START Study material

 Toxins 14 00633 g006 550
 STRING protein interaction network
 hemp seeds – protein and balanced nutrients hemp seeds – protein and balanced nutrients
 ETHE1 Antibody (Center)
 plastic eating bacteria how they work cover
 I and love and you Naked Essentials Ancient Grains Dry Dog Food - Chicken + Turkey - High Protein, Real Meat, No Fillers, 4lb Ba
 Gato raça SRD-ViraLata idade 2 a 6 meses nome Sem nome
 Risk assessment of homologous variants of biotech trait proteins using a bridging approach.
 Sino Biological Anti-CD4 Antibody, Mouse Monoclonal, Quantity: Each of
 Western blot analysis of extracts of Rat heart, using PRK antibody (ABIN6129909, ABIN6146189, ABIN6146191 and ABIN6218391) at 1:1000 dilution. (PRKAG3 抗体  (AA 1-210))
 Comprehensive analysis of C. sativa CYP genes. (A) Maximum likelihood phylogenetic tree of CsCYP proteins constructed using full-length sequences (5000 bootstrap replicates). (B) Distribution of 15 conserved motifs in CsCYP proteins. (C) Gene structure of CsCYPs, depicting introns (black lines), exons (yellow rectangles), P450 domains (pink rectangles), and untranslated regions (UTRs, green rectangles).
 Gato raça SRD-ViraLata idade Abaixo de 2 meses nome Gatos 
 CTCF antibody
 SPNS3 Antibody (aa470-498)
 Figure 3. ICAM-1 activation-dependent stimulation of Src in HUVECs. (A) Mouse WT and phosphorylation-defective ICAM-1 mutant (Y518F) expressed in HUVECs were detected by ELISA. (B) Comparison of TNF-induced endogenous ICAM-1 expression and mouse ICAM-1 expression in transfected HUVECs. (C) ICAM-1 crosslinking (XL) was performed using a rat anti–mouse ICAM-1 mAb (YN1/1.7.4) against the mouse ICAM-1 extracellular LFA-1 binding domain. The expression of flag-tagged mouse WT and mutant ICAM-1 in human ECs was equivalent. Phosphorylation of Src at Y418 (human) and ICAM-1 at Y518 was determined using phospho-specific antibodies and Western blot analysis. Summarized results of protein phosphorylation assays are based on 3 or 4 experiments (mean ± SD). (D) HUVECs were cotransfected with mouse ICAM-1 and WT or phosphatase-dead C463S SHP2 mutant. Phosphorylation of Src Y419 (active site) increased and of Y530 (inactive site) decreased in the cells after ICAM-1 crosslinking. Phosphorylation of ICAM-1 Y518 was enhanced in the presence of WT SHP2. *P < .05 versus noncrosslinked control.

END Study material

What you need to do: In the records, how many lines have the word "idade" in them? Only the number is needed.

Answer below: 2